Aspire Mining Limited (ASX: AKM, the “ Company ” or “ Aspire ”) is pleased to advise that it has received an independent Chinese Coal Market Report (“ Report ”) commissioned by the Company from a leading coal consultancy firm in China (“ Coal Consultant ”) confirming the marketability of a blended coking coal product (“ Mongolian Blend ”).
The Mongolian Blend is a blend of between 25-50% Aspire’s Ovoot Project indicative coking coal and other Mongolian selected thermal and non-coking coals.

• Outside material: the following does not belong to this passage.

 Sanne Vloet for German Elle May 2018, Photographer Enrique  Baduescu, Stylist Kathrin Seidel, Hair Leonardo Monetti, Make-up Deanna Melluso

The Report was commissioned to assess the marketability and indicative pricing of the Mongolian Blend in order to complete a Scoping Study to support the development of a regional coal blending facility at the Sainshand Industrial Park (“ Sainshand ”) located along the Trans-Mongolian Railway in southern Mongolia (refer Figure 1).
The Report confirmed that the Mongolian Blend would be classified as a “JM” Primary Coking Coal according to Chinese coal classifications. The Mongolian Blend is considered “similar or even better than those primary coking coals imported into the China market from countries like Australia, the USA and Canada” , due to its medium ash, low sulphur and high G value.
Mongolian Blend Operation
Indicative relative pricing for Mongolian Blend product provided by the Coal Consultant was benchmarked on a well-known and referenced Chinese JM coking coal CFR Tangshan Port price and is net of logistics costs to the Mongolia/China border at Zamyn Uud/Erenhot. Preliminary internal analysis
by Aspire, including this price relativity, indicates a positive cashflow blending operation to be based at Sainshand based on current pricing.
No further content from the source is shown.